▸ Your instructions
Would you reproduce the data below exactly, please, leaving out its images?

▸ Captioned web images
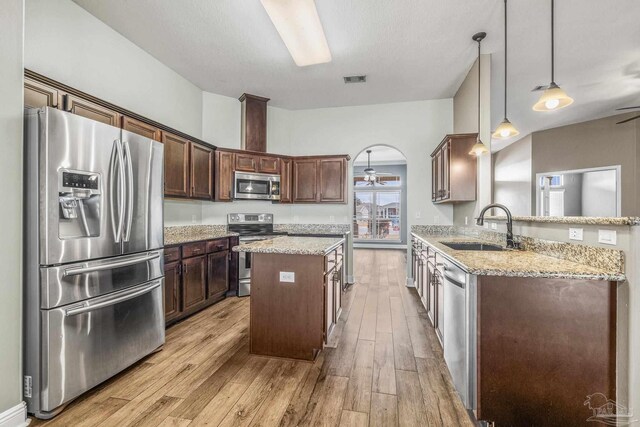 kitchen with sink, dark brown cabinets, stainless steel appliances, and a center island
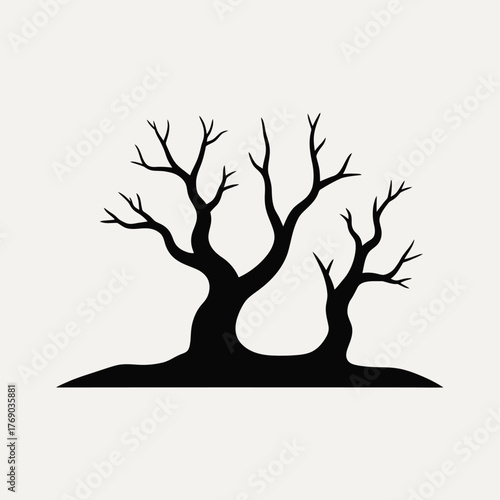 Silhouette of two bare winter trees against a light background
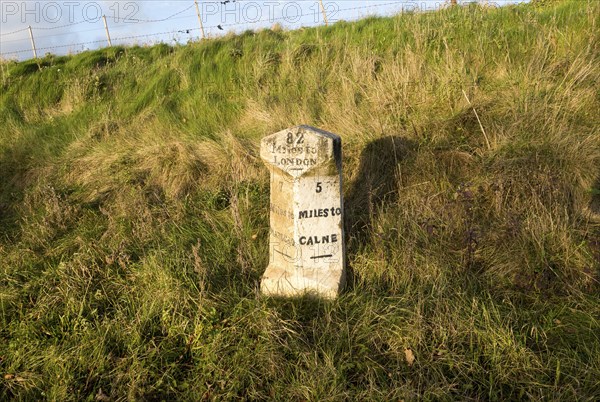 Old milestone road marker on A4 road Beckhampton, Wiltshire, England, UK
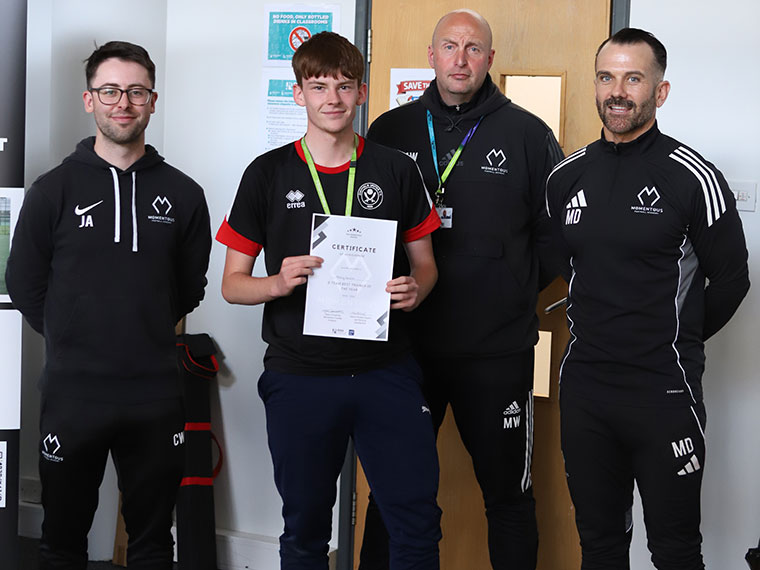 Momentous Football Academy awards winner holding a certificate stood with three members of staff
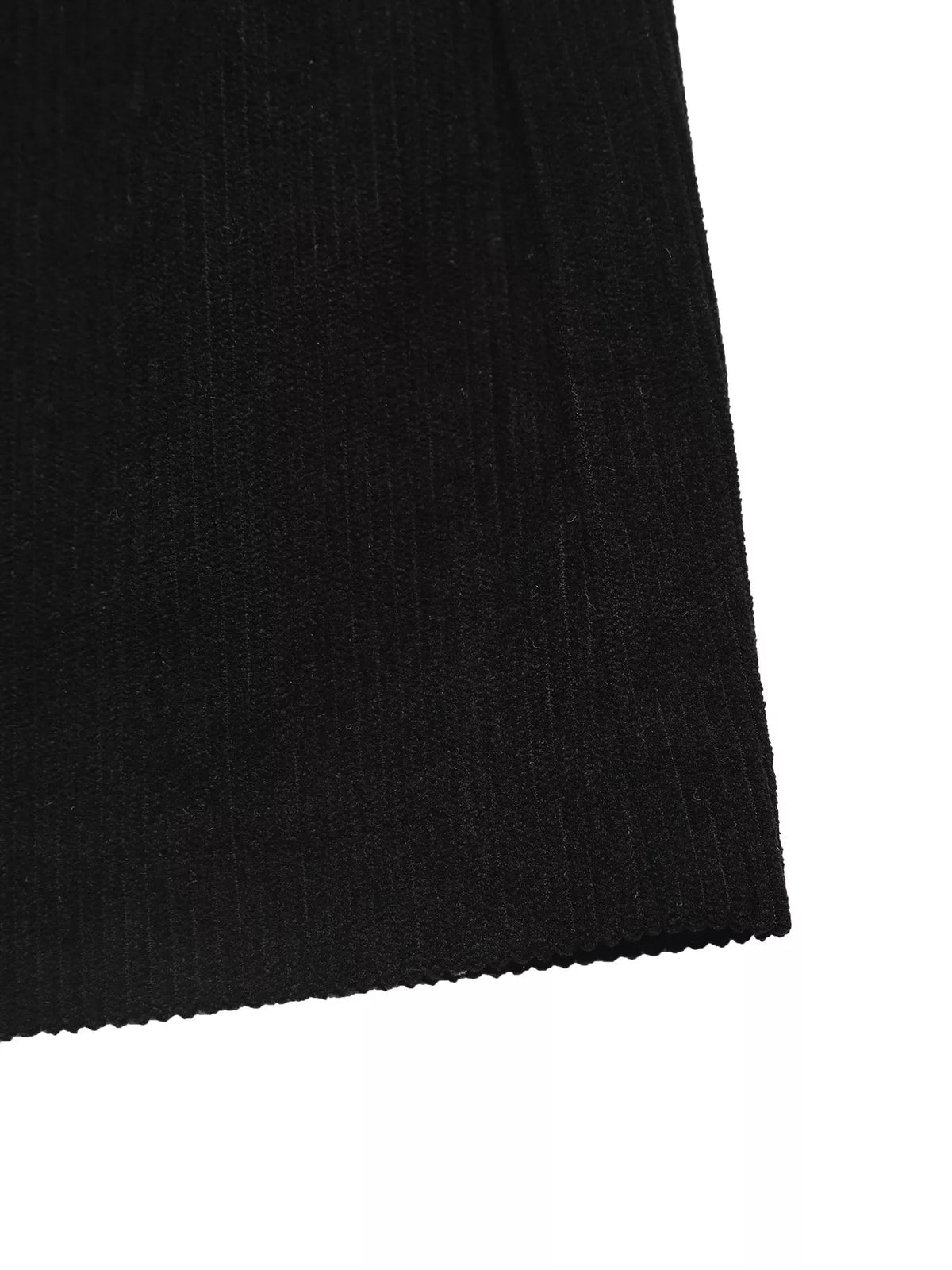 Black corduroy button-front midi skirt, hem detail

▸ Output of the task
 kitchen with sink, dark brown cabinets, stainless steel appliances, and a center island
 Silhouette of two bare winter trees against a light background
 Old milestone road marker on A4 road Beckhampton, Wiltshire, England, UK
 Momentous Football Academy awards winner holding a certificate stood with three members of staff
 Black corduroy button-front midi skirt, hem detail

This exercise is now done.